We did not implement aliases in our project, but … Aliases are shortcuts to regular commands. The alias implementation can be done using data structures like:
The char *alias_name will be compared with the user’s command. If they are equal the char *real_name will be returned. So, we will replace the alias for the real command. Then take it to the parsing process.
Check for built-in’s.
In our project we implemented the exit built-in and environment. For check we use our version of function strcmp. Function strcmp takes 2 arguments: the first and the second string to be compared.
As the second string was used names of build-ins. If function return value = 0, it indicates str1 is equal to str2.
The function print_env() prints the current environment.
Check for binary in PATH (/bin).
We will search for the environment PATH. It contains all the directories where we will look for the executable files. Check if the user’s command exists at the directories of the PATH. If yes, transforms it to the full path, clear for shell.
Function _getenv return pointer to the string — full PATH value. It captures it in a variable that will get tokenized the same way as the command line.
After that we will split PATH into tokens. So we split the string till delimiter receiving the first element.
After receiving all other elements of the string value of the PATH.

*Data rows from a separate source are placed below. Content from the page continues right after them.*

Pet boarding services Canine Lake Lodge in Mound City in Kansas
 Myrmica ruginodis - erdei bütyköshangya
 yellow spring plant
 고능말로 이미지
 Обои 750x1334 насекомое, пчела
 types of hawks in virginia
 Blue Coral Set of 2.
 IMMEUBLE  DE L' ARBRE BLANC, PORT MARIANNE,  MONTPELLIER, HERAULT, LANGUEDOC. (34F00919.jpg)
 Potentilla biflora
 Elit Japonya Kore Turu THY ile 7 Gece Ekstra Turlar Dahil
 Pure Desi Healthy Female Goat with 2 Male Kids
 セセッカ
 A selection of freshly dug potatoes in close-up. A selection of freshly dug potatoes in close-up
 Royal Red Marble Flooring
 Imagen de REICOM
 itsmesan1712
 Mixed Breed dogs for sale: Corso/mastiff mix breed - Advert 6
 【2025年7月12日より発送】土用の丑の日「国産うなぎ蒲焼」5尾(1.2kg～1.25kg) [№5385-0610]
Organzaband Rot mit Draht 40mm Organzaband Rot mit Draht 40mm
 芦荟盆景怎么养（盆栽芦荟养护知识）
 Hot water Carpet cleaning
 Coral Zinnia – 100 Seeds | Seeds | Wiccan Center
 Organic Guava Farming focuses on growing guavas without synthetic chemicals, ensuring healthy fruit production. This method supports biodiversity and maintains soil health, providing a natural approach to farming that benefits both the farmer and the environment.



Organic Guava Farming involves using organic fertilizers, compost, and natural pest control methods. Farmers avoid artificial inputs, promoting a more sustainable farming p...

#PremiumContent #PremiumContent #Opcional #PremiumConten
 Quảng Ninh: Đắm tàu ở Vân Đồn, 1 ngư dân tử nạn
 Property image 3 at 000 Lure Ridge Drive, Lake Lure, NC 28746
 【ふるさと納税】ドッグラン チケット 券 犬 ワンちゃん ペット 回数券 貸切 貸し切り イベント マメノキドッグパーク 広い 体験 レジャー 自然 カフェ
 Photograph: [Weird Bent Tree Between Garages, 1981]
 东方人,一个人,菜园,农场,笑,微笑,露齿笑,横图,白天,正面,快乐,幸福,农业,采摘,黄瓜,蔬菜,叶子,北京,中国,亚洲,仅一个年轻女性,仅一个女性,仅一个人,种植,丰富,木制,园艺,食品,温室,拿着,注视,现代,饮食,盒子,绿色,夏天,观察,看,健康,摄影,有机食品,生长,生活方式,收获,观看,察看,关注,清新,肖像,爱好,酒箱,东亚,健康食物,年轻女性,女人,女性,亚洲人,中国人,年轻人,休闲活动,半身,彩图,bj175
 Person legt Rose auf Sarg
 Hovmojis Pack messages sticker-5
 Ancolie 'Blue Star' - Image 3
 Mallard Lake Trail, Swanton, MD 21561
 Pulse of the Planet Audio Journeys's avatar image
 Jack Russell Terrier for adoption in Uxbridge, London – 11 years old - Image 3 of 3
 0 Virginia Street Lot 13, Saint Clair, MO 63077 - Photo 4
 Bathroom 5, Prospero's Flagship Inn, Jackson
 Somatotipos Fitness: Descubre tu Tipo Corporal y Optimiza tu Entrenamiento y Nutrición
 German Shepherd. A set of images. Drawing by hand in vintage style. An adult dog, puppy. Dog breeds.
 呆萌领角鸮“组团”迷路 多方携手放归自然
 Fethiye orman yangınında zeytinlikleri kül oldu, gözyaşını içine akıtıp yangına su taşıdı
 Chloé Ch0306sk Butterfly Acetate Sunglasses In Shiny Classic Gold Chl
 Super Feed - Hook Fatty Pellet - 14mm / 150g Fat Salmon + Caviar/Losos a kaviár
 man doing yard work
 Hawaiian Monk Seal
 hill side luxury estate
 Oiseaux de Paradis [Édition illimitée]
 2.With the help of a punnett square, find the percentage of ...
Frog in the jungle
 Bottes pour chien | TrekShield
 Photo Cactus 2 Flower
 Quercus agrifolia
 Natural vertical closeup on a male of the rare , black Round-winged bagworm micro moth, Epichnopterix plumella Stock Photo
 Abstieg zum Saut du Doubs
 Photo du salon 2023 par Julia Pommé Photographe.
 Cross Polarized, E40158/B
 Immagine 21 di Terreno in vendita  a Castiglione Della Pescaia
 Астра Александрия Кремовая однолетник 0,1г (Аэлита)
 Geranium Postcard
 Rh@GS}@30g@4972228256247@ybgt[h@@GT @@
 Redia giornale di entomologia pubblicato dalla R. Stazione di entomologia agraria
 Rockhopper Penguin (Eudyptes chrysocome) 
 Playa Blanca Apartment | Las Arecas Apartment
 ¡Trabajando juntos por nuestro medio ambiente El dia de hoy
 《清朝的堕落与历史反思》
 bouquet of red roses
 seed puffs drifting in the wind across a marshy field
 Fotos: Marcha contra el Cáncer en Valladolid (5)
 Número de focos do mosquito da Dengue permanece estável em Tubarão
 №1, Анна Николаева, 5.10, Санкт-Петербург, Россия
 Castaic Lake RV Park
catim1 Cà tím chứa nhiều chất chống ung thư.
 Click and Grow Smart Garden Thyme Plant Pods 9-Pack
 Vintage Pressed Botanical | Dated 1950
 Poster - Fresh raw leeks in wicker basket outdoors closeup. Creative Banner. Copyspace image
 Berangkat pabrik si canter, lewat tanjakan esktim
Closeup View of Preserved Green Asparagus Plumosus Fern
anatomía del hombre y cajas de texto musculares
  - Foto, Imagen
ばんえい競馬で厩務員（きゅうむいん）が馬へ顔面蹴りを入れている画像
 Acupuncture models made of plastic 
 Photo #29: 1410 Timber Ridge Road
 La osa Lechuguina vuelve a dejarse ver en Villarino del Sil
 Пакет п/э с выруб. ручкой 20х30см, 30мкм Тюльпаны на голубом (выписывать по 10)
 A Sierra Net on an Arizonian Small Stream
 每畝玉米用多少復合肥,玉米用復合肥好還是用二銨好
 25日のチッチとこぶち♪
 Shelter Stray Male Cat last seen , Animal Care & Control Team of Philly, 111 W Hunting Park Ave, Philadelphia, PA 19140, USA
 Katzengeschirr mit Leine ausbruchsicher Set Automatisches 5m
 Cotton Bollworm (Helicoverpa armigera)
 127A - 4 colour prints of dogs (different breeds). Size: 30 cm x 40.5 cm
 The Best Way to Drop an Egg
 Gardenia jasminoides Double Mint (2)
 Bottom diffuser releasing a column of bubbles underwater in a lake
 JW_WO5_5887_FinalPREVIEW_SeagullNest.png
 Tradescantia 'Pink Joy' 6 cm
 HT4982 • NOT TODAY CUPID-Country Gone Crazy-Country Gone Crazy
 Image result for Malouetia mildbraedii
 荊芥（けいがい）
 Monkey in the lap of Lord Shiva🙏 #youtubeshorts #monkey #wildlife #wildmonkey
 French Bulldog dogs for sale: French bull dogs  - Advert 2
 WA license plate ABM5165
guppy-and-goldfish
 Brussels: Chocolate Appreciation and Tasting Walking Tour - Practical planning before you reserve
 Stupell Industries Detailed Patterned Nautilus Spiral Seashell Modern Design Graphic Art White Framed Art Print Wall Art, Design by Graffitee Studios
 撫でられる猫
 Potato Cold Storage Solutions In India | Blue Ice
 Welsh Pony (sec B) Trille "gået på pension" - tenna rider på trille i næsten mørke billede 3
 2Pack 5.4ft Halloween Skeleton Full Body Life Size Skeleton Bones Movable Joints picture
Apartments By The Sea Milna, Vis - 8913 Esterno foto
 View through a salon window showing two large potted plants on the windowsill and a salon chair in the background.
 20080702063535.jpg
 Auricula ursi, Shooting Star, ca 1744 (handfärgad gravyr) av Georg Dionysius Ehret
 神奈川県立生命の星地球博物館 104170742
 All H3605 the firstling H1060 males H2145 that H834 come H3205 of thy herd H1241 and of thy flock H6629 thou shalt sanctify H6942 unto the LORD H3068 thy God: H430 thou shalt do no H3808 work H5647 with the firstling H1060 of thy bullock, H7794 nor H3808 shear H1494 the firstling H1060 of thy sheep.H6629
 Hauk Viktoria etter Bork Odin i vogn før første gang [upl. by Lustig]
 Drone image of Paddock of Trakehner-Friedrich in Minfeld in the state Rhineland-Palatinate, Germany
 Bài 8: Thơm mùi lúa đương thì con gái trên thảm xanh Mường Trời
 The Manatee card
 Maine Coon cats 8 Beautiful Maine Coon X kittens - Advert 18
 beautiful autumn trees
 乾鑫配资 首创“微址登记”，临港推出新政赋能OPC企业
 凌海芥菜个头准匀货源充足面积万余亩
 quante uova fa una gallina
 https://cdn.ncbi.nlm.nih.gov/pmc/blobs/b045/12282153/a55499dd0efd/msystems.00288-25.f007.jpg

Using function _strdup to store all the elements. After Simple shell will change into each directory in the path and search inside each directory for the command.
A while loop is started either the file is found in one of the directories or nothing is found. After changing directories, stat is used to check if the command is present in the directory.
Before concatenation: “ls”. After concatenation: “/bin/ls”
When concatenation is over, the shell changes back to the directory it was in. Then passes the newly created argument to the execution phase.
Execution phase. Fork.
So we found “ls” in the /bin directory. “/bin/ls” is passed into the execution. We will create a child process using a fork.
After creation of the child process, it will return a number in the form of a process ID. If the parent process is the one who forked the child, a number greater than 0 will be present. If the child tries to grab the number, it will be 0. The parent process waits for the child process to end using wait.
Why do we need to fork a child process ?
When the function execve executes, data of the calling process will be lost. They will be overwritten by the program loaded (text, data, stack). Using pid numbers, the shell can tell when it’s a child process. It executes in the child process. The parent process rests untouched in it’s infinite loop. The parent process will wait until the child process is done executing.
We use the function wait to wait for state changes in a child process, obtains information about the changes status. When status changes, the parent process will start executing again. “ls -l” was executed and the child process ended.
Image 5. Output. The command “ls -l” was executed.
The parent process goes back to the beginning of the infinite loop. A command prompt will be printed and the shell will wait for another command. The process will start again.
Co-author of the project is Aurelie Cedia.